Introducing Dia: A New Open Source Text-to-Speech Model Taking on Industry Leaders

Nari Labs Introduces Dia: An Innovative Text-to-Speech Model
Overview of Dia
Nari Labs, a two-person startup, has launched Dia, a text-to-speech (TTS) model featuring 1.6 billion parameters. This powerful model is designed to generate realistic dialogue from text prompts. According to one of its creators, Toby Kim, Dia exceeds the quality of established competitors like ElevenLabs and Google’s NotebookLM AI podcast feature.
The Background of Dia
The journey of Dia began out of a desire for better control over TTS outputs. Kim noted in various social media posts that both he and his collaborator were not originally experts in AI. Their exploration in the field started when they were impressed by the capabilities of NotebookLM’s podcast feature. After testing every TTS API available, they decided to develop their own model due to dissatisfaction with the realism of existing offerings.
Kim credited Google for providing access to Tensor Processing Units (TPUs) which helped them in training Dia via Google’s Research Cloud. The model’s code, along with its internal connections (known as weights), is freely accessible for download from platforms like Hugging Face and GitHub. Users can even experiment with Dia by generating speech on a Hugging Face Space.
Key Features of Dia
Customization and Control
Dia goes beyond traditional TTS capabilities with advanced features that enhance user experience:
- Emotional Tone: Ability to convey different emotional undertones in dialogue.
- Speaker Tagging: Users can label different speakers using tags like [S1] and [S2].
- Nonverbal Cues: Allows inclusion of nonverbal expressions (e.g., (laughs), (coughs)) directly from text, which Dia interprets accurately to create more engaging dialogues.
Currently, Dia supports only the English language and can generate varied voices unless specified otherwise through a generation seed or an audio clip for audio conditioning. This feature provides users with greater flexibility in shaping the voice tone and likeness.
Competitive Analysis: Dia Versus ElevenLabs and Sesame
Nari Labs has shared various audio examples that compare Dia to competitors such as ElevenLabs Studio and Sesame, a recent offering from Oculus VR co-creator Brendan Iribe. These comparisons reveal that:
- Natural Dialogue: Dia manages to deliver better timing and incorporates nonverbal expressions effectively. For instance, when a script includes a laugh, Dia produces natural laughter rather than a text substitute like "haha."
- Emotional Range: In multi-turn conversations featuring emotional content, Dia smoothly transitions in tone better than its rivals, especially in high-intensity scenarios.

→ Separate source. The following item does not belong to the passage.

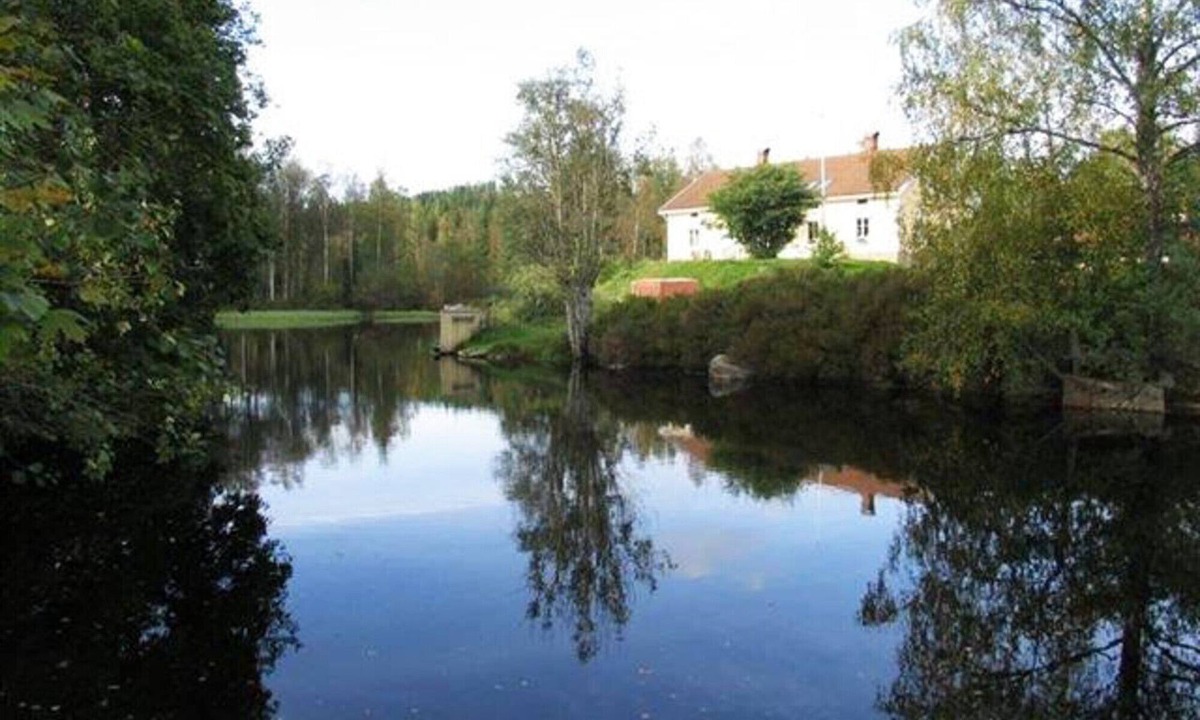 Marieholmsbruk Ski Chalet | Family Friendly Cottage by the Lake in Småland – Perfect for Large Groups SE06078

- Handling Nonverbal Scripts: Dia can adeptly process scripts that consist solely of nonverbal cues, something its competitors often overlook.
Through testing, it became clear that Dia excels even with rhythmically complex content, such as rap lyrics, delivering fluid and engaging speech that retains the intended tempo.
Accessing and Using Dia
Developers interested in working with Dia can find it on Nari Labs’ GitHub and Hugging Face pages. The model operates on PyTorch 2.0+ and CUDA 12.6, requiring approximately 10GB of VRAM to function optimally. On robust GPUs such as the NVIDIA A4000, it can achieve around 40 tokens per second during inference.
Although currently GPU-dependent, future plans include launching versions that can run on CPUs and quantized versions to improve accessibility. Nari Labs provides both a Python library and a command-line interface (CLI) tool to facilitate easier deployment.
Open Source Commitment
Dia is fully released under an Apache 2.0 license, allowing commercial use. However, Nari Labs has outlined specific restrictions against unethical applications, such as impersonation or misinformation. The creators advocate for responsible experimentation, demonstrating a strong commitment to ethical practices in AI development.
The development of Dia was supported by Google’s TPU Research Cloud and contributions from platforms like Hugging Face. Nari Labs operates with a small team but actively invites community collaboration via Discord and GitHub.
With Dia, Nari Labs aims to provide a more human-like interaction in TTS, expanding possibilities in fields ranging from content creation to assistive technologies and beyond.